Problem statement:
Return only this: the line with "HG Simply Charming" and all the lines that follow it below, through the final one, exactly as they are.

Exercise inputs:

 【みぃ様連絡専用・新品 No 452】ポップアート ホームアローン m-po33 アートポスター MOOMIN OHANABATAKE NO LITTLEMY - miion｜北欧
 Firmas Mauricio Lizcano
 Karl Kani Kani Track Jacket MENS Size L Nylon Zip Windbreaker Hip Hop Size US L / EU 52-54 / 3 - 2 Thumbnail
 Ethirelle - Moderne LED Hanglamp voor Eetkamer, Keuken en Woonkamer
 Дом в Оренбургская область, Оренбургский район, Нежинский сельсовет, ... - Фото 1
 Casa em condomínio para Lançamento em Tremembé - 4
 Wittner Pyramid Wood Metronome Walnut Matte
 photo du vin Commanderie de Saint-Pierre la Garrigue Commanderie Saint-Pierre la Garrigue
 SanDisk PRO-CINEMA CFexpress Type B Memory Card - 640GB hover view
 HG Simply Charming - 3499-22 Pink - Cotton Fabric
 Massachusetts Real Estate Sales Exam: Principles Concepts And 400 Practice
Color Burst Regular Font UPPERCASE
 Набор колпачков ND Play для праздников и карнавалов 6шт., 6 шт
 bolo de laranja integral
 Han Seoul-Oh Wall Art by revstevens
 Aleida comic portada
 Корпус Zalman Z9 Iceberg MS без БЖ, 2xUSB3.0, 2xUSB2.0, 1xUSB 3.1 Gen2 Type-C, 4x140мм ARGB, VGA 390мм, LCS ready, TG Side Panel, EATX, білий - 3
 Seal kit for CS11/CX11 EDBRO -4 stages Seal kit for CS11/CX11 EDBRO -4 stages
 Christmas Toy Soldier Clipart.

Completed task:
 HG Simply Charming - 3499-22 Pink - Cotton Fabric
 Massachusetts Real Estate Sales Exam: Principles Concepts And 400 Practice
Color Burst Regular Font UPPERCASE
 Набор колпачков ND Play для праздников и карнавалов 6шт., 6 шт
 bolo de laranja integral
 Han Seoul-Oh Wall Art by revstevens
 Aleida comic portada
 Корпус Zalman Z9 Iceberg MS без БЖ, 2xUSB3.0, 2xUSB2.0, 1xUSB 3.1 Gen2 Type-C, 4x140мм ARGB, VGA 390мм, LCS ready, TG Side Panel, EATX, білий - 3
 Seal kit for CS11/CX11 EDBRO -4 stages Seal kit for CS11/CX11 EDBRO -4 stages
 Christmas Toy Soldier Clipart.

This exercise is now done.